I look forward to reviewing these issues with you as soon as possible and working out appropriate precautions either on consent or with the direction of the Court. (Emphasis as per original.)
[34] The copies of the correspondence from counsel for the mother to counsel for the father appear as exhibits to the affidavit of the father. The correspondence is not referred to in the Mother’s Affidavit.
[35] Absent a Court Order and pursuant to the March 11 Undertaking, the father is permitted to have access to the children as approved by the CAS. A letter dated March 21, 2016 authored by Shawna McClemens of the CAS is attached as an exhibit to the Mother’s Affidavit. The letter, in its entirety, is as follows, “The parties applied to Family Services Ottawa in January 2016, but are not yet in a position to proceed with supervised access at that centre.”

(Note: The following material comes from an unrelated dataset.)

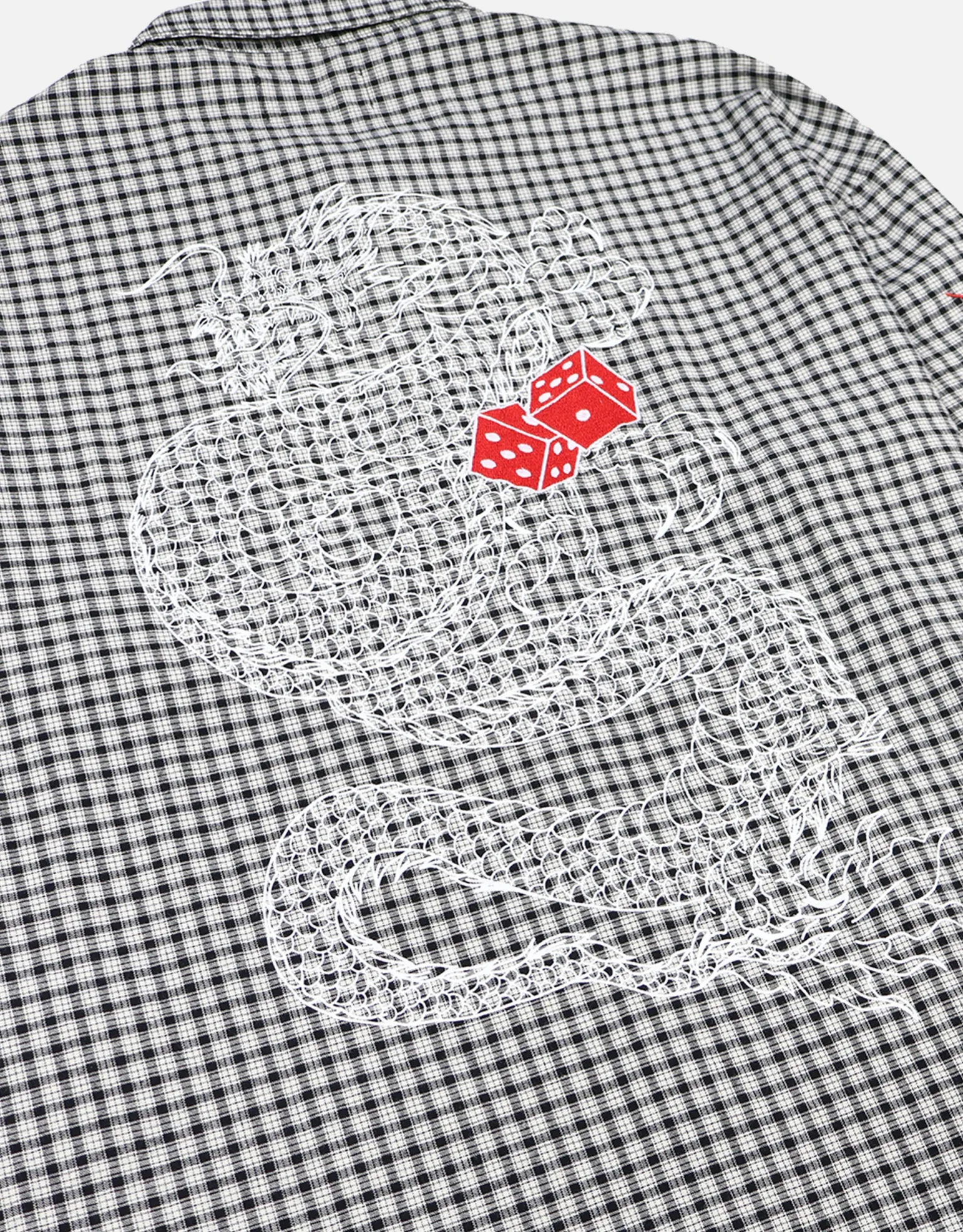 Dragon Check Long Sleeve Shirt in Black Check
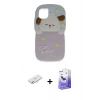 MARSİLYAN™- iPhone 11 Kılıf Akış Yansıma - Siyah Bilvis 5in1 5D Magic Hayalet Cam Ekran Koruyucu + Renkli Kamera Lens Koruma Cam - SI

[36] The Mother’s Affidavit is replete with descriptions of events which pre-date February 11, 2016. I draw an inference that those events were in the mother’s mind when she agreed to the terms of the temporary agreement and endorsement on February 11, 2016. The Mother’s Affidavit also includes reference to events subsequent to that date – including two break-ins at her home and the theft of the passports and birth certificates of the children. Those events occurred prior to the dates of the letters in which counsel stated on the mother’s behalf that she was prepared to continue with access in accordance with the terms agreed upon on February 11, 2016.
[37] The mother did not deliver any affidavit in reply to the father’s affidavit. She has not offered any explanation as to why she was prepared at least until March 19 (date of fax transmission) or March 21 (actual date of letter sent on March 19) – and despite events that had occurred prior to that date – to continue with the access as set out in the temporary agreement and endorsement of February 11, 2016.

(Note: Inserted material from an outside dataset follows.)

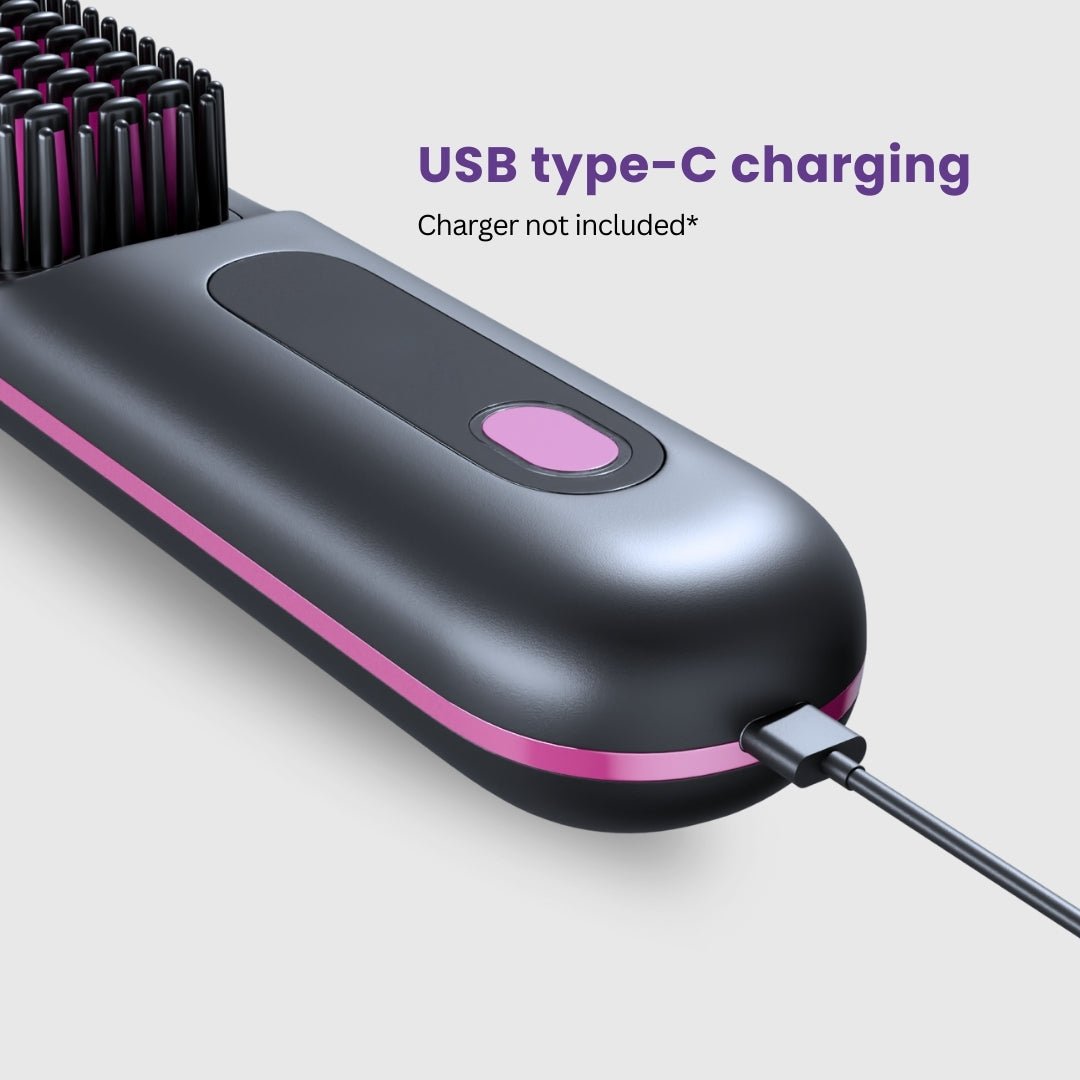 [NEW] Numoya Portable Straightener Brush - GoBrush PRO - NUMOYA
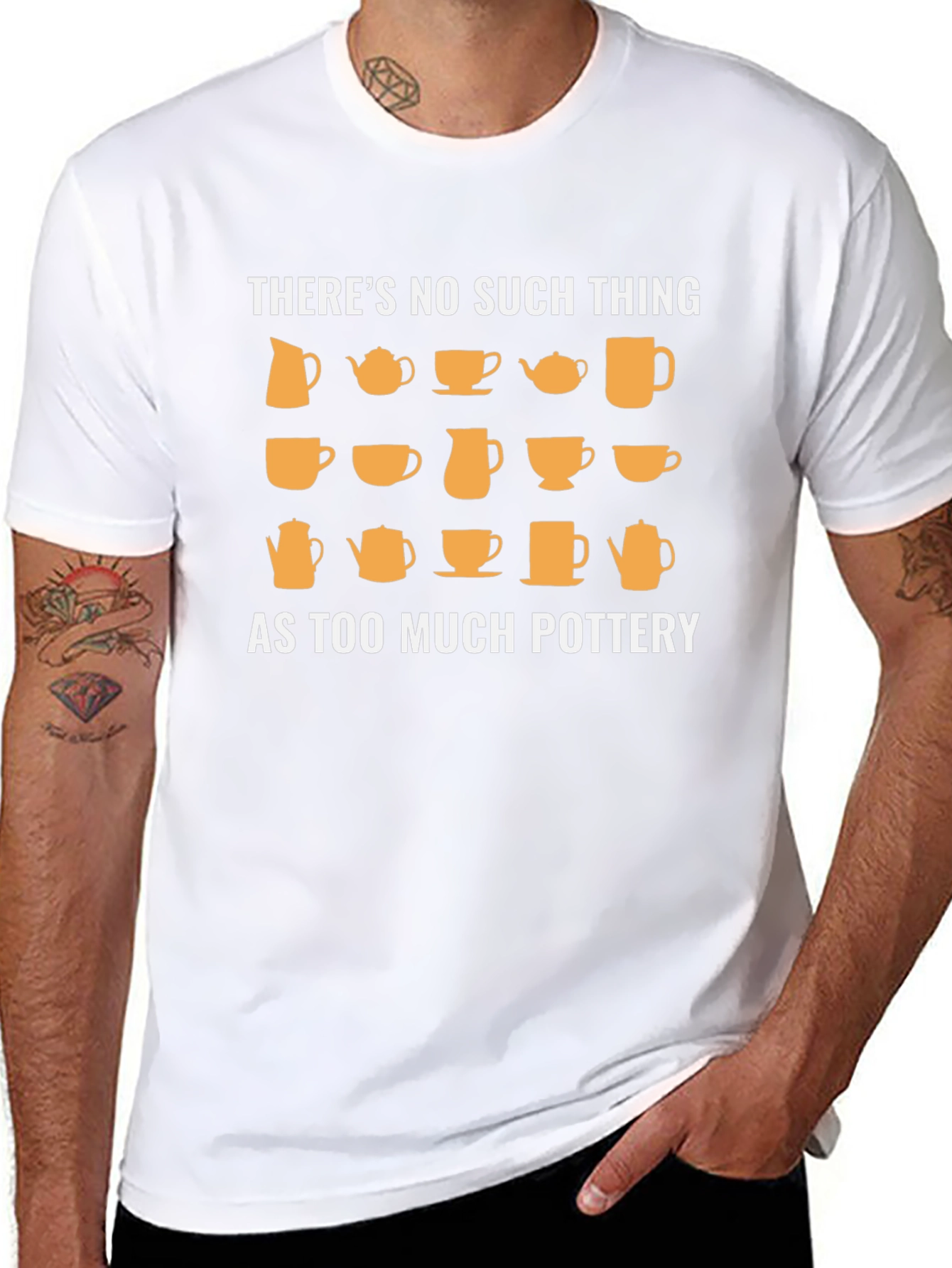 Pottery Lover T-Shirt - Theres No Such Thing As Too Much Pottery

[38] The mother has offered no explanation for what transpired between March 17 when her counsel assured counsel for the father that the mother was prepared to continue with access as per the February 11, 2016 temporary agreement and March 19 when the letter dated March 21 appears to have been sent by fax to counsel for the father.

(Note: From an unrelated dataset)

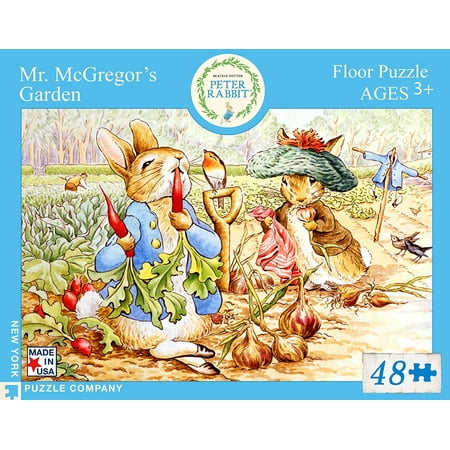 Mcgregors Garden - New York Puzzle Company - Peter Rabbit Mr McGregor's Garden - 48 Piece Jigsaw Puzzle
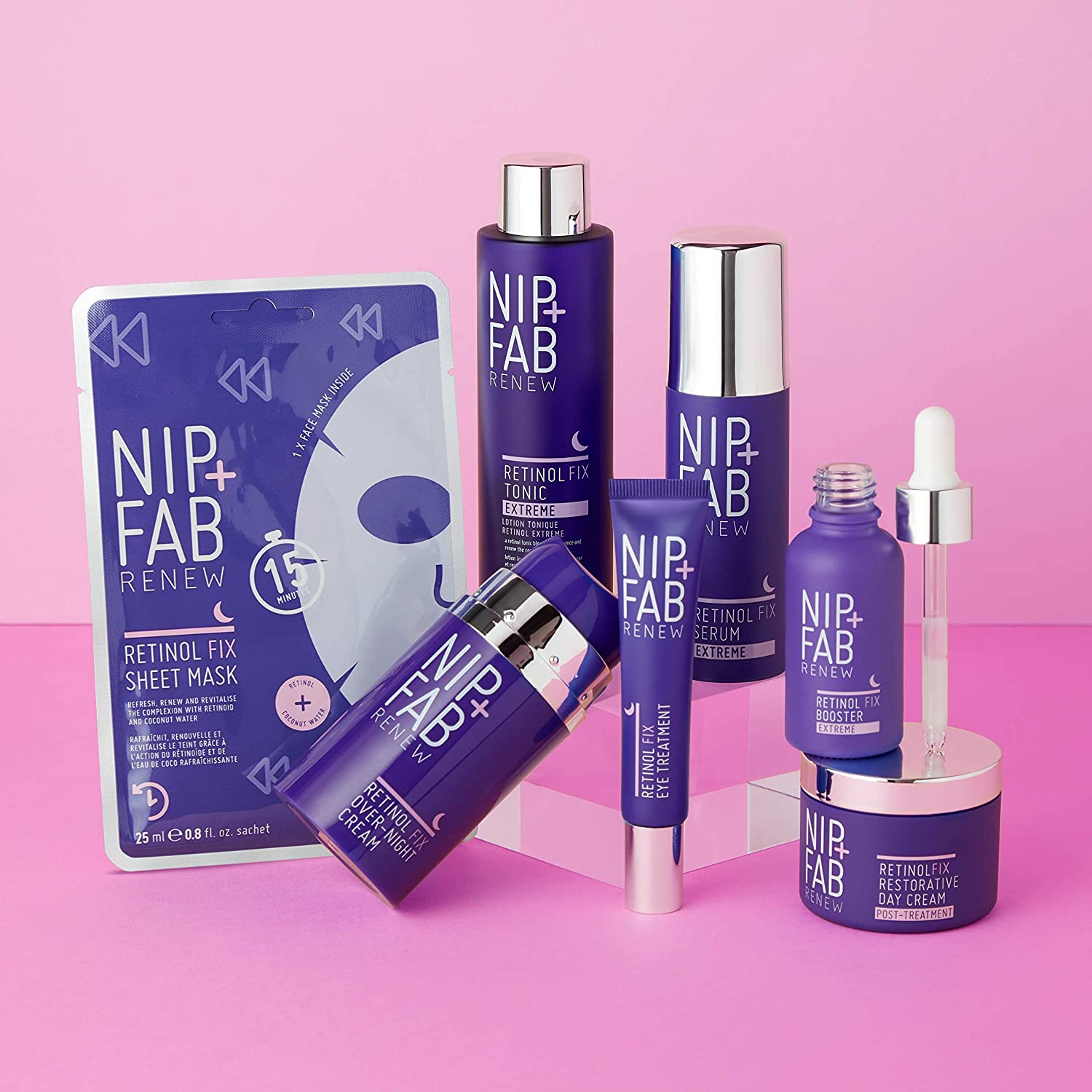 Nip + Fab Retinol Fix Booster Extreme 0.3% Retinol Liquid Drops for Face with Aloe Vera Anti-Aging for Fine Lines and Wrinkles 30 ml - Image 3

[39] In all of the circumstances, including absent such an explanation, I find that the matter is not “so extreme that the court must intervene immediately.”
[40] The order made by Justice Beaudoin on February 11, 2016 has yet to be formally issued and entered because of the notice of dispute delivered by the father in late March – 20 days after he gave the undertaking. As a result, neither of the parties has an order upon which they may rely, in the context of the Undertaking. Given the number of charges which the father faces, the seriousness of those charges, and that they stem from domestic conflict, it is important for the parties that they are clear on the terms in place with respect to supervised access.
[41] By way of information, subsequent to hearing this matter, I spoke with the co-ordinating authorities and was informed that the earliest date available for a two-hour motion is June 14, 2016.
[42] I therefore direct that the primary focus of the case conference scheduled for the 20th of April be to: a) resolve the terms of the order; and b) address the manner in which the father’s supervised access visits with the children is to continue. In the event the parties are unable to resolve the latter issue at the case conference, the presiding Judge will be in a position to determine whether the matter is, for any reasons not in the record before me as of April 12, urgent and, if necessary, schedule a date for the motion with respect to the supervised access.
Costs
[43] In the event the parties are unable to agree upon costs related to the matter argued before me, they may make written submissions as follows:
a) The submissions shall be limited to a maximum of three pages, exclusive of a bill of costs; b) Written submissions shall comply with Rule 4 of the Rules of Civil Procedure, R.R.O. 1990, Reg. 194; c) Hard copies of any case law or other authorities relied on shall be provided with the submissions; The written submissions and authorities shall be single-sided pages; and d) Written submissions shall be delivered by 5:00 p.m. on the tenth business day following the date on which this decision is released.